Web page caption snippets
____

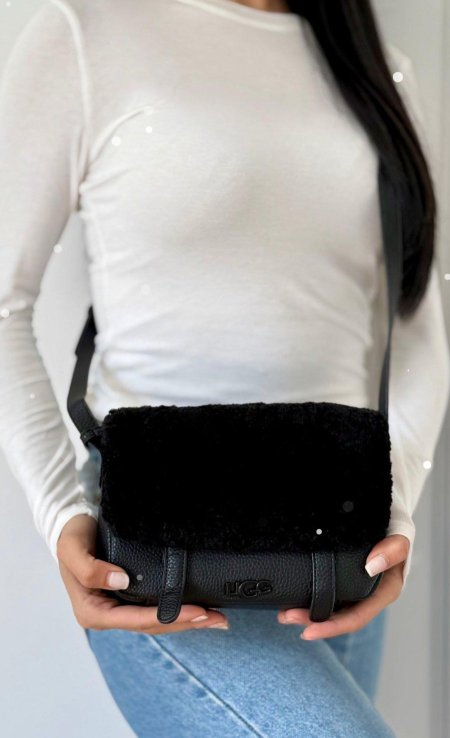 شنتة - UGG / كوبي ماستر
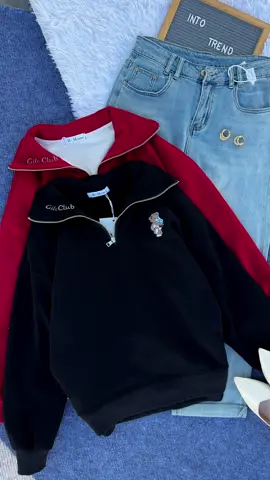 Premium Quality Pullover Available!! Dm us for orders  📍 Location:- Radhe Radhe Bhaktapur  (Google Maps :- Into Trend  Opening Hours:- (Call and Confirm Before Visiting) Call/WhatsApp: +977 9802349600  Note :- There may be Slight Difference in colors due to different lighting and displays !!   Delivery all over Nepal!!🇳🇵 Delivery all over World 🌎 #intotrend #intotrend2020 #intotrendstore #deliveryallovernepal  #worldwidedelivery✈️🌍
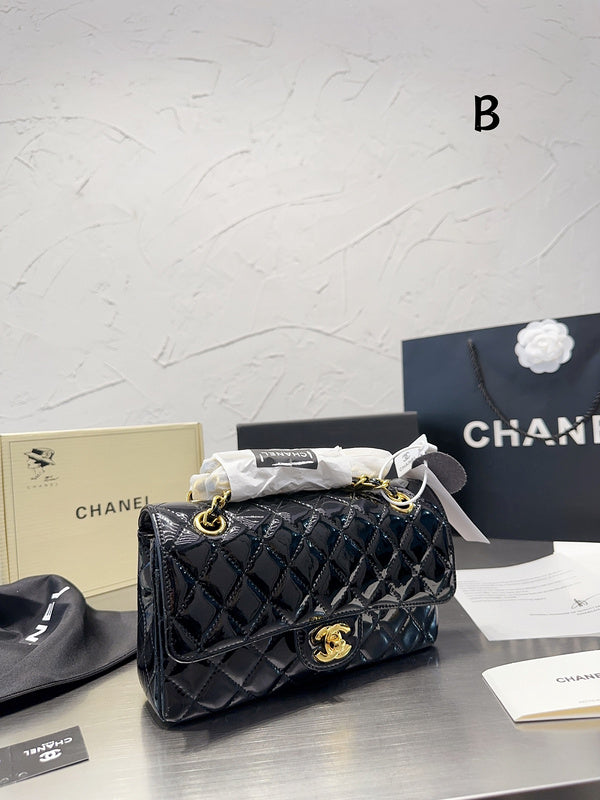 Women Designer Bags - Chanel Bags - 7070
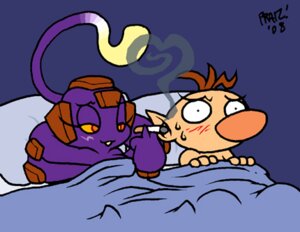 Rating: Explicit Score: 0 Tags: 2008 after_sex alien ambiguous_gender bed bedroom blanket blush cheating cheating_husband cigarette in_bed interspecies nintendo olimar pikmin praiz rule34 shocked smoking smoking_cigarette sweat tagme under_covers wide_eyed User: bunchy7s Rating: Explicit Score: 0 Tags: 2008 after_sex alien ambiguous_gender bed bedroom blanket blush cheating cheating_husband cigarette in_bed interspecies nintendo olimar pikmin praiz rule34 shocked smoking smoking_cigarette sweat tagme under_covers wide_eyed User: bunchy7s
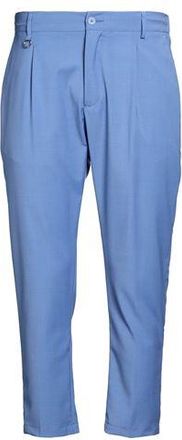 Golden Craft 1957 BOTTOMWEAR - Trousers on YOOX.COM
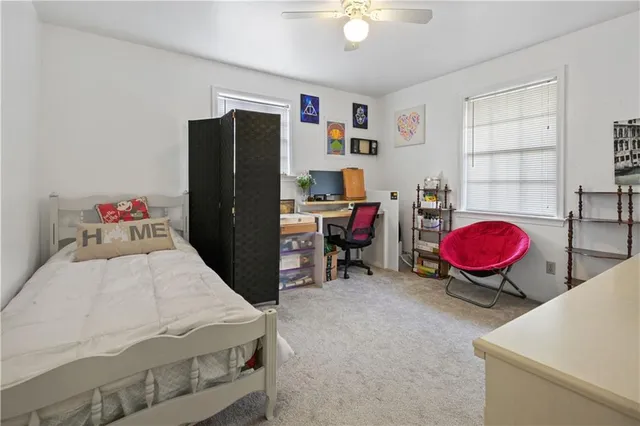 $2,400 | 2529 Hudson Place, New Orleans, LA 70131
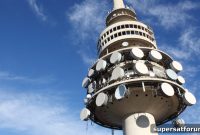 Telstra Buys App Developer Readify — What This Means for Tech Future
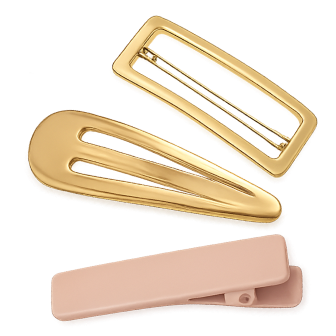 Заколки icon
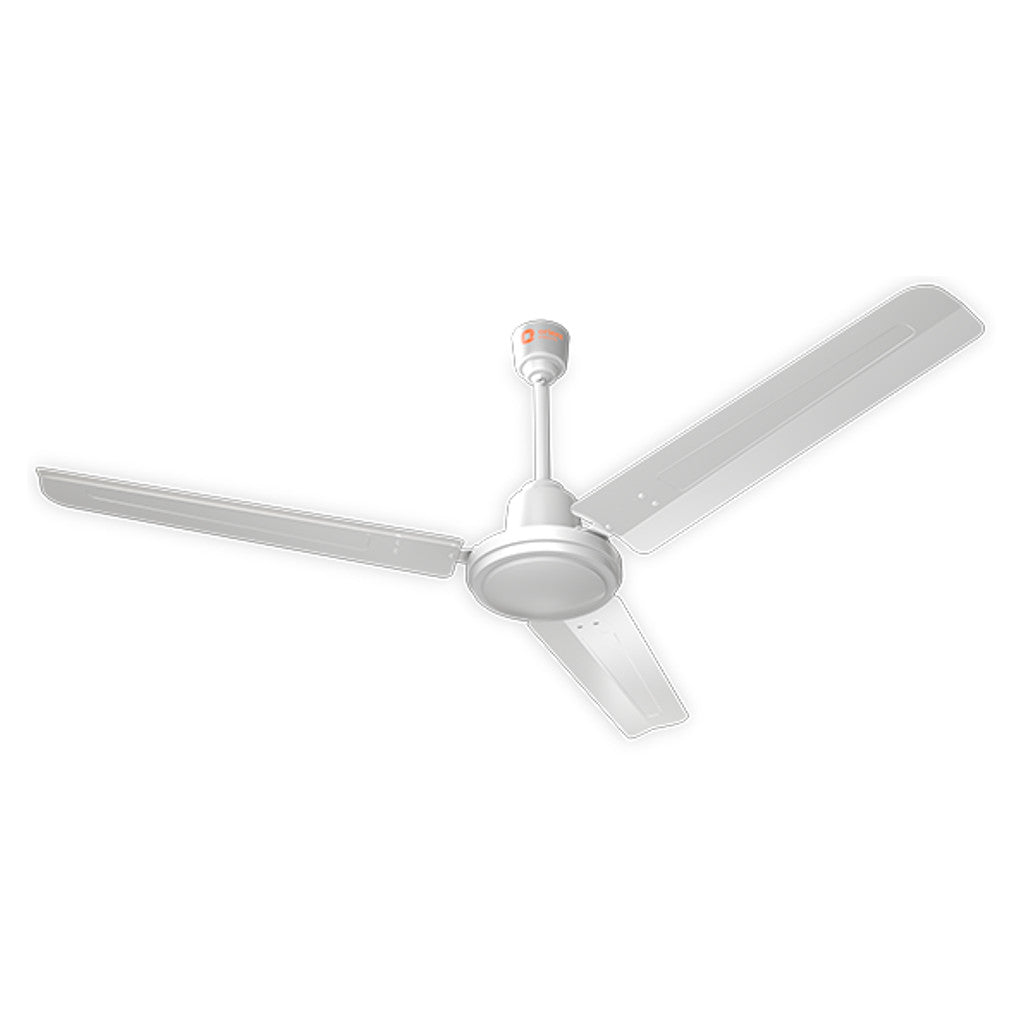 Orient Electric Falcon 425 Faster Than High Speed Ceiling Fan 1200mm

____

§ **PROBLEM REQUIREMENTS**: Without the pictures, transcribe exactly the lines above from the one containing "Golden Craft 1957" through the last.

§ **ANSWER BOX**:
 Golden Craft 1957 BOTTOMWEAR - Trousers on YOOX.COM
 $2,400 | 2529 Hudson Place, New Orleans, LA 70131
 Telstra Buys App Developer Readify — What This Means for Tech Future
 Заколки icon
 Orient Electric Falcon 425 Faster Than High Speed Ceiling Fan 1200mm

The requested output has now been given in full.